Records from a dataset
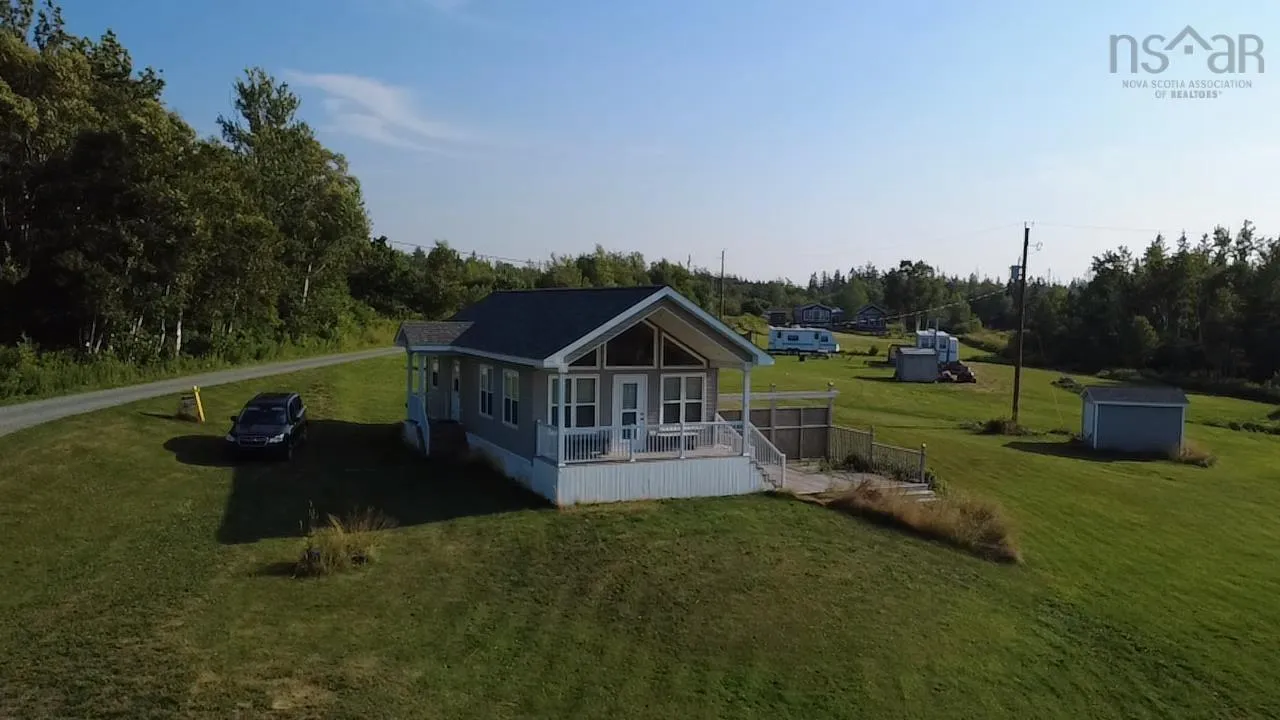 39 Heron Drive, Caribou River Ns B0k 1h0, 2 Bedrooms Bedrooms, ,1 BathroomBathrooms,Residential,For Sale,Heron,202503119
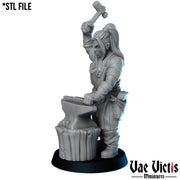 Orc blacksmith - Only-Games
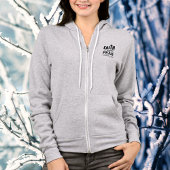 Simple Bible Verse Personalized  Hoodie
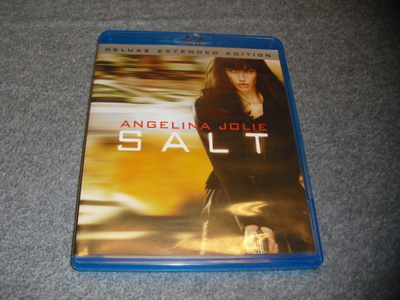 SALT (Angelina Jolie) BD, FI-julkausu***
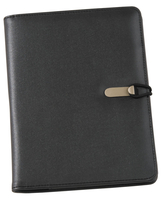 Папка формата А5 с блокнотом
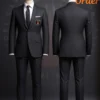 Slim Fit Corporate Suits Made to Order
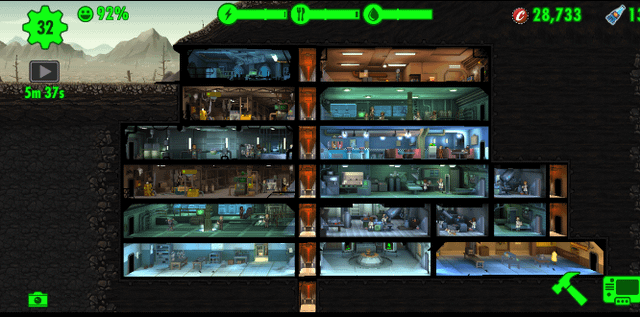 Can'T Survive Death Claw Attack Shelter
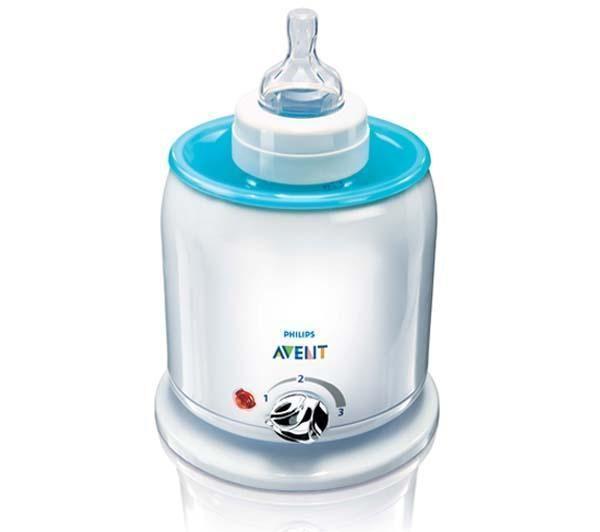 Foto Philips Avent Calienta-biberones SCF255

## [The task]
Would it be possible to print the records above verbatim, pictures omitted?

## [Solution to the problem]
 39 Heron Drive, Caribou River Ns B0k 1h0, 2 Bedrooms Bedrooms, ,1 BathroomBathrooms,Residential,For Sale,Heron,202503119
 Orc blacksmith - Only-Games
 Simple Bible Verse Personalized  Hoodie
 SALT (Angelina Jolie) BD, FI-julkausu***
 Папка формата А5 с блокнотом
 Slim Fit Corporate Suits Made to Order
 Can'T Survive Death Claw Attack Shelter
 Foto Philips Avent Calienta-biberones SCF255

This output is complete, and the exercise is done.